START Study material

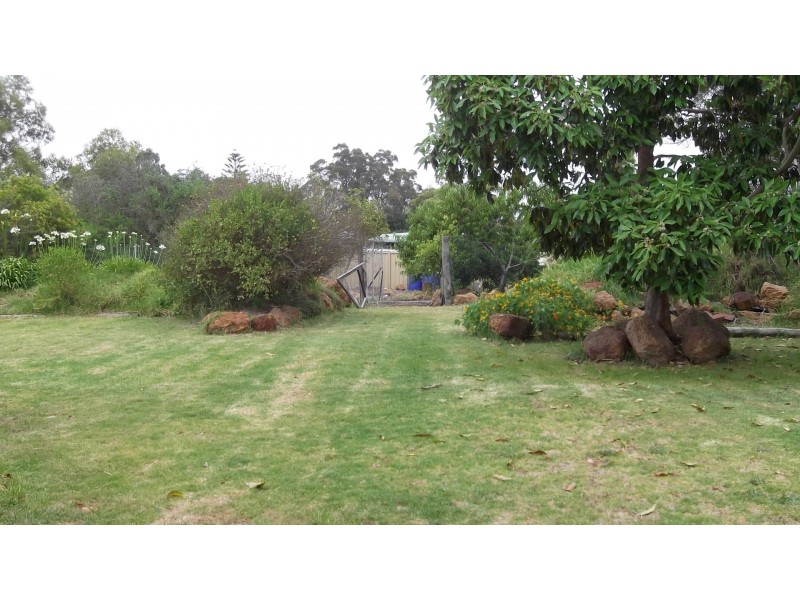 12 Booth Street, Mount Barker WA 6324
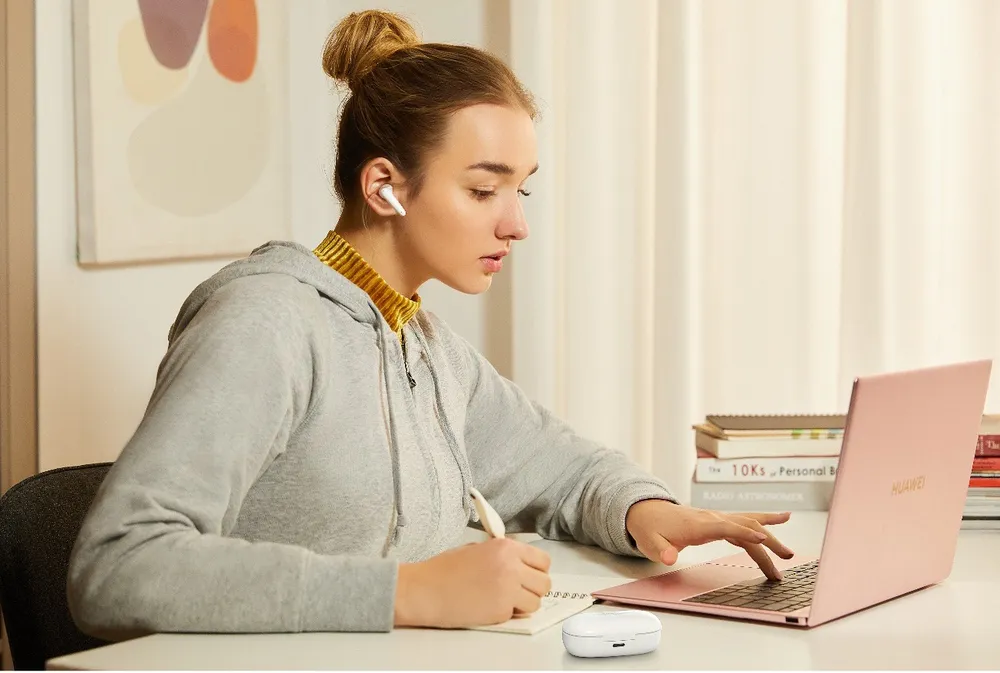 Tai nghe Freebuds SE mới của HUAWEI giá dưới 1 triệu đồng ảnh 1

END Study material
START Study material

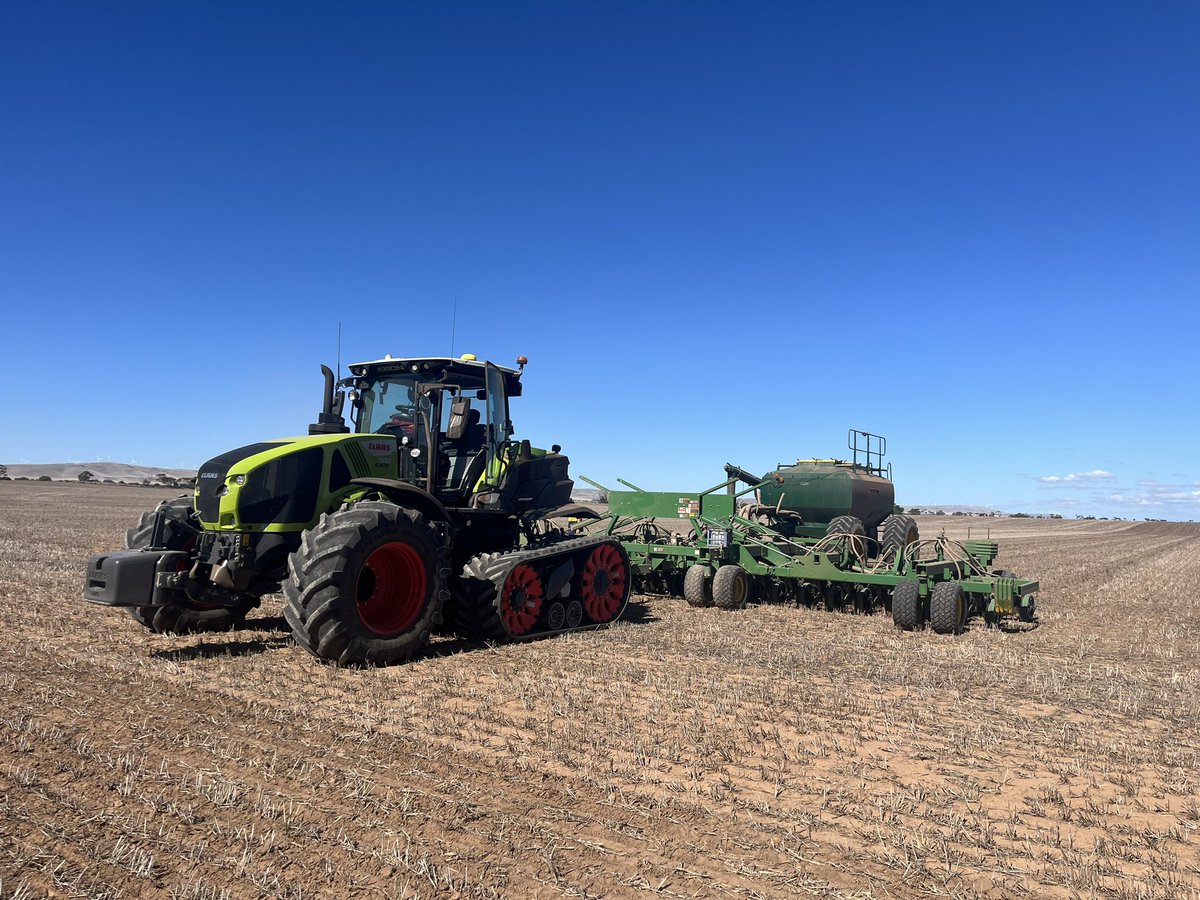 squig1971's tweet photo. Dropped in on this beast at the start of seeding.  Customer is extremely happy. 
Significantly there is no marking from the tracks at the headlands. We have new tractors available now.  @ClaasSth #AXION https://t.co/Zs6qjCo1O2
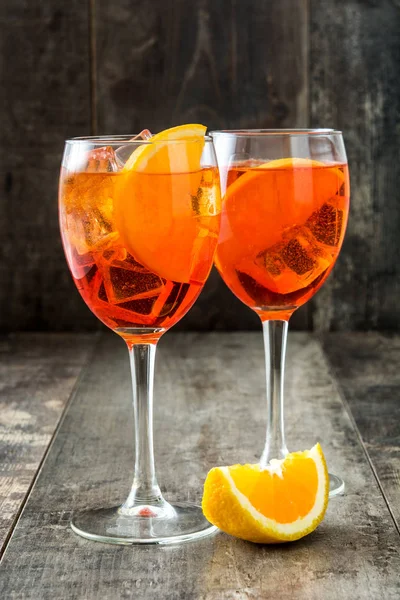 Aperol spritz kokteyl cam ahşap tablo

END Study material

**Problem to solve**
Everything above from the line that has "12 Booth Street, Mount Barker WA 6324" down to the line that has "Tai nghe Freebuds" should be output exactly, with both of those lines included. Leave the pictures behind.

**Task answer**
 12 Booth Street, Mount Barker WA 6324
 Tai nghe Freebuds SE mới của HUAWEI giá dưới 1 triệu đồng ảnh 1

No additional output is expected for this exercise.